All of this, it must be stressed, completely contradicted how they had all read their Bibles up til then, and completely contradicted the religious tradition that had inherited. They did not come to these conclusions because of a new discovery in exegesis, they came to these radically new views through experiencing what the Spirit was doing among them! This caused them to consequently go back and re-read their Bibles again, trying to make sense of what was happening.
Fact: If the apostles had taken the dogmatic approach to reading their Bibles that so many of us have, then they never would have accepted Jesus as messiah, and they never would have preached salvation to gentiles.

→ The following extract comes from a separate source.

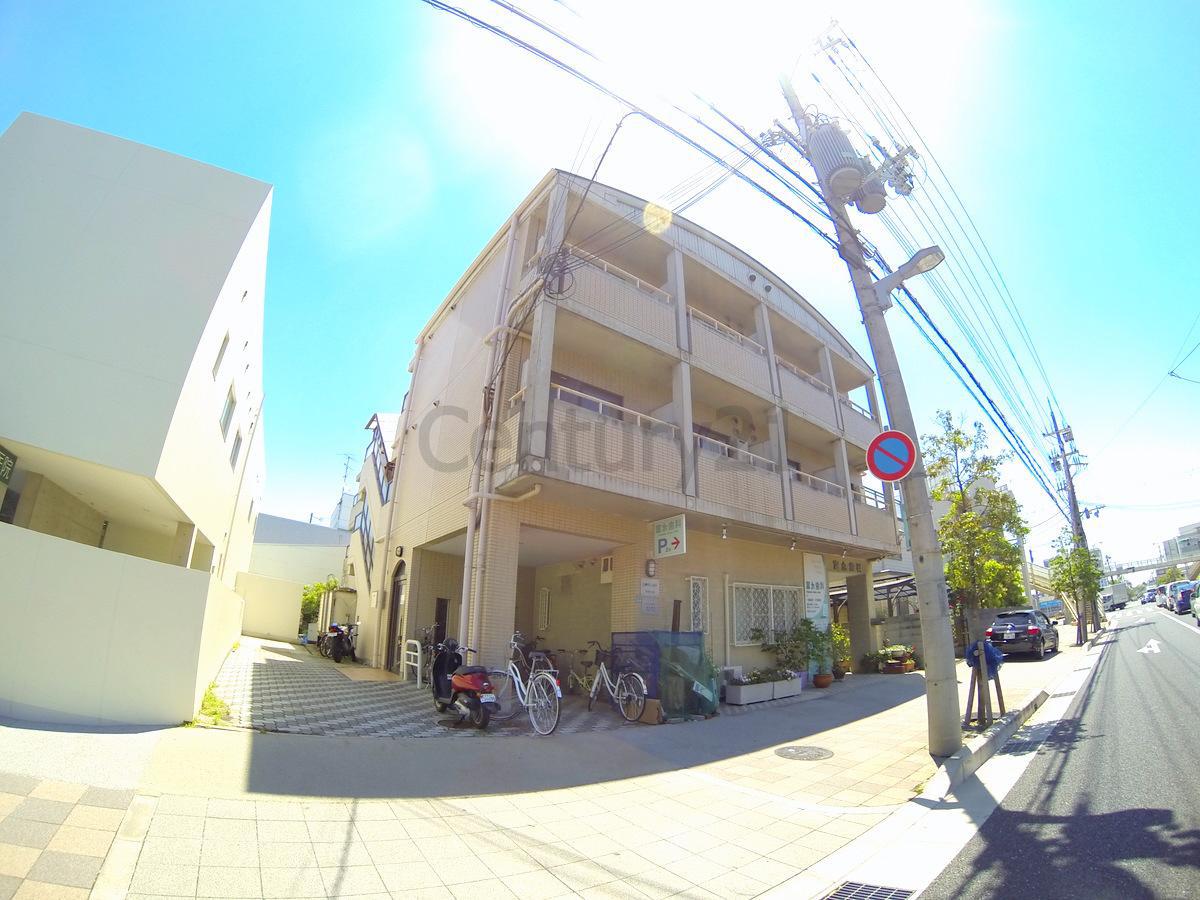 ロイヤルコート西宮門戸(1K/2階)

Both the idea of a suffering nonviolent messiah and God's mercy towards gentiles simply did not line up with what they had expected from their reading of Scripture. This is not conjecture on my part, it is something they explicitly state (see for example Peter's two exclamations of "Never, Lord!" first in Matthew 16 where he forbids Jesus to go to the cross, and again in Acts 10 where he resists offering salvation to gentiles). However, the apostles stayed open to what God was doing in their midst, even when it expanded their understanding of truth.
If we want to follow in the apostle's footsteps, then we need to move in that same trajectory, rather than tethering ourselves to a supposed "biblical" view that loses step with what the Spirit is doing.